Argentine novelist, travel writer, memoirist and reporter Caparrós, in supple self-effacing translation, takes ample time to lay out the histories of the “Marqués de Valfierno,” the name that Juan María Bonaglia, bright child of an Italian housemaid in turn-of-the-20th century Argentina, calls himself in his middle age, having assumed several identities to suit several circumstances in his lifetime. The impersonations began as the toddler Bonaglia looked for ways to fit in with the rich members of the household employing Annunziata, his naïve and doting mum. The head of the household took enough of a fancy to the bright lad to send him to the local day school.

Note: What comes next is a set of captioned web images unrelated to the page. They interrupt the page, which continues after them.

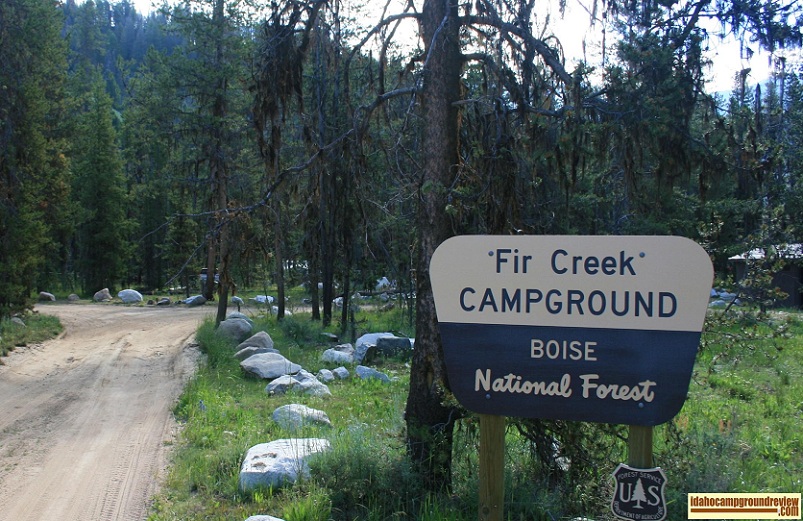 View at the entrance to Fir Creek Campground on the Salmon River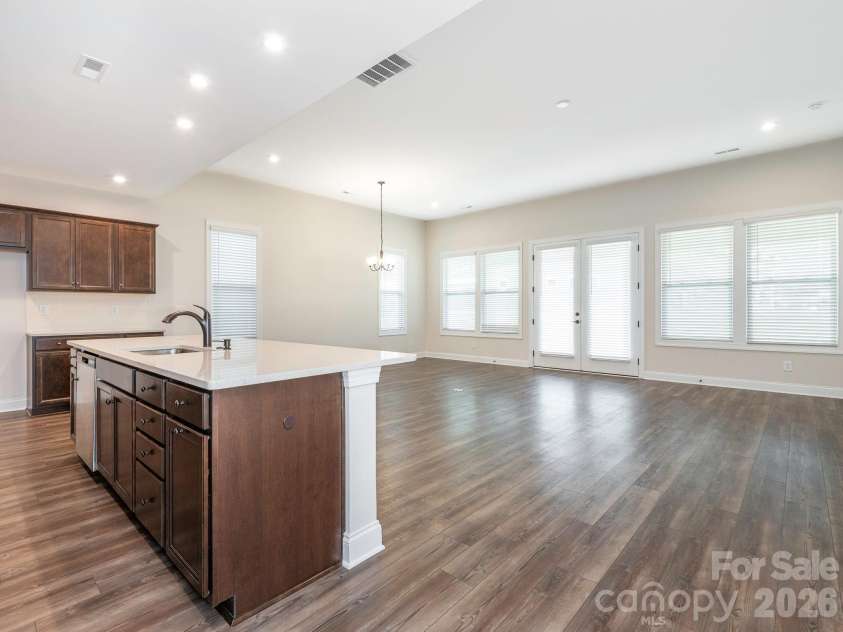 4423 Moxie Way, Charlotte, NC 28215.  MLS# CAR4397354, YatesRealty ID 39887. 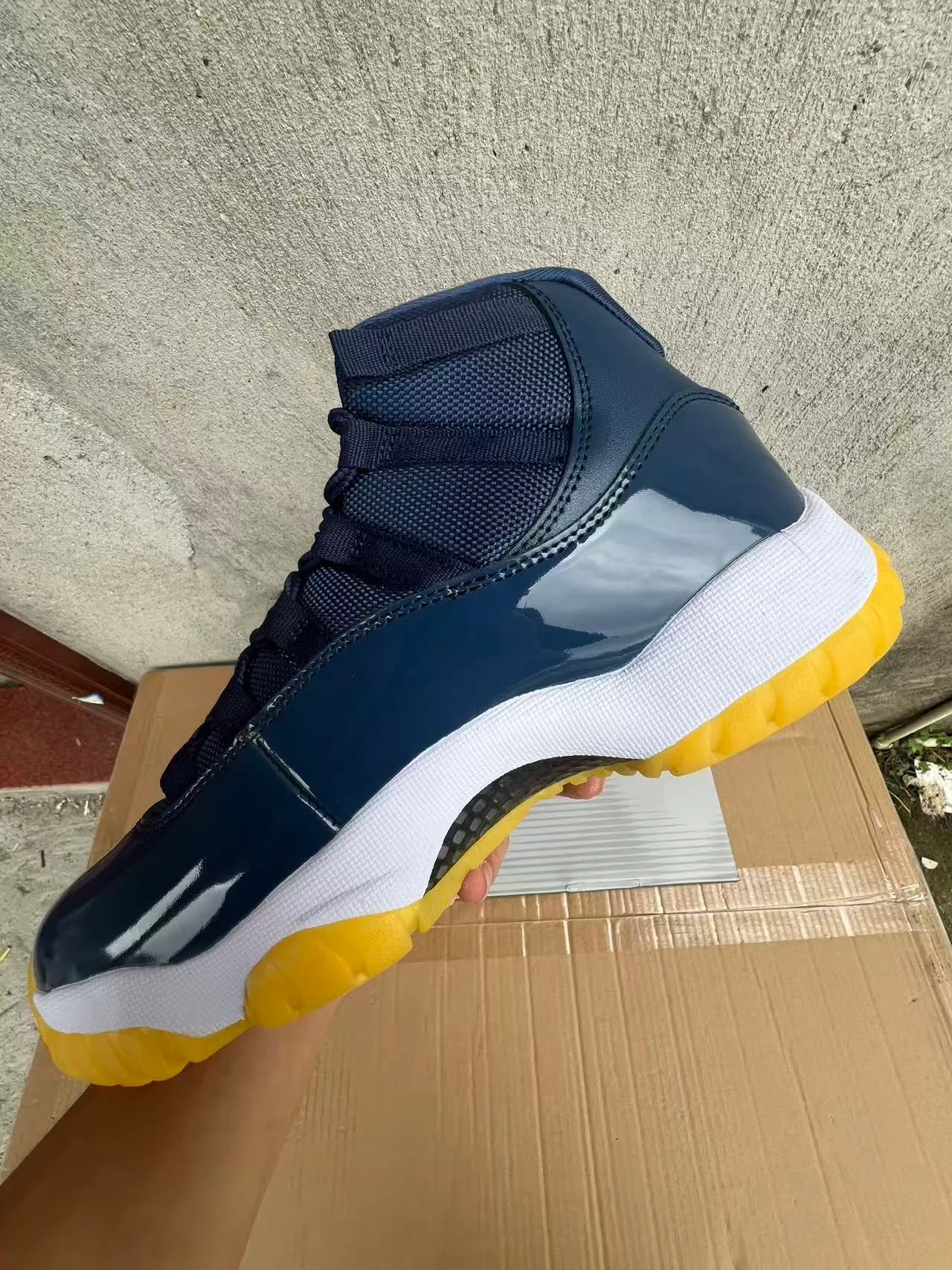 Chaussures de basketball Air Jordan 11 bleu marine, blanc et jaune 5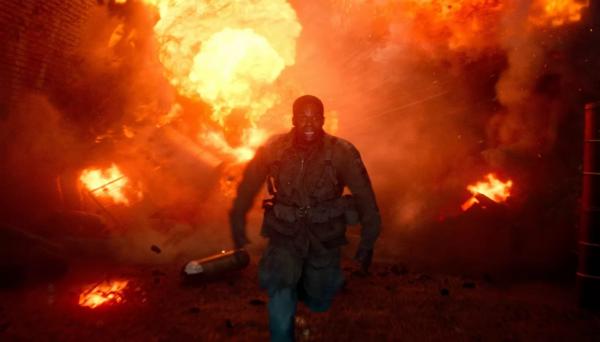 Режиссер "Оверлорда" снимет триллер о нападении гигантского питона Режиссер "Оверлорда" снимет триллер о нападении гигантского питона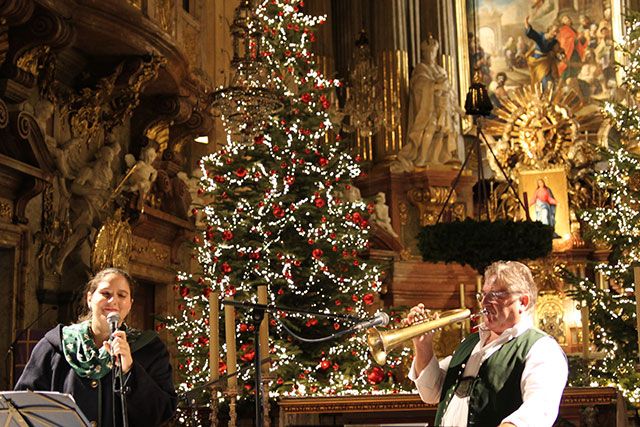 Weihnachtskonzert mit NATALIE und STEIRER FRANZ 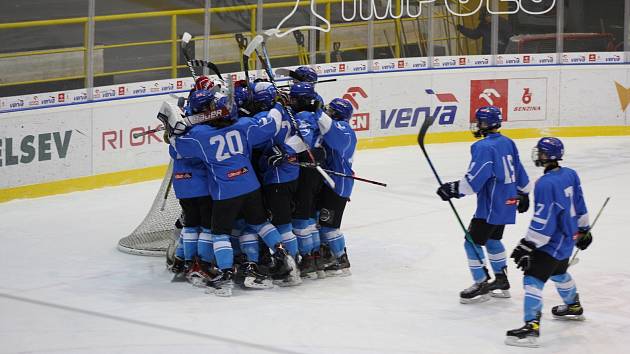 Dorostenci HC Tábor bojují v hokejové extralize jako lvi, ze severu Čech si přivezli čtyři body.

Between home and school, the child learns enough to know that he will always wonder who he is. The good times end when Annunziata is accused of jewelry theft, unaware that her son is to blame. Exiled from paradise, the two scramble to stay alive. Bonaglia works in a succession of jobs that lead to bookkeeping in a bordello, where he meets Yves Chaudron, the man whose special skills will lead him to the ultimate art heist. Chaudron paints like a dream, but only as a copyist. Unable to create from life, he knocks off anything in two dimensions, including masterworks. Using his chameleon skills to pass himself off as an aristocrat, Bonaglia becomes Valfierno, a noble from the pampas with as many family artworks as Chaudron can crank out to sell to Buenos Aires nouveaux riches. When his cover is blown by another faker, the two ship off to Paris to start over. There Valfierno hooks up with Valérie, a demi-mondaine who just happens to know a guy with a job in the Louvre, and the plans for lifting La Joconde take shape.
Luxurious and intelligent look at identity, class and art—all in an intriguing story based on real events.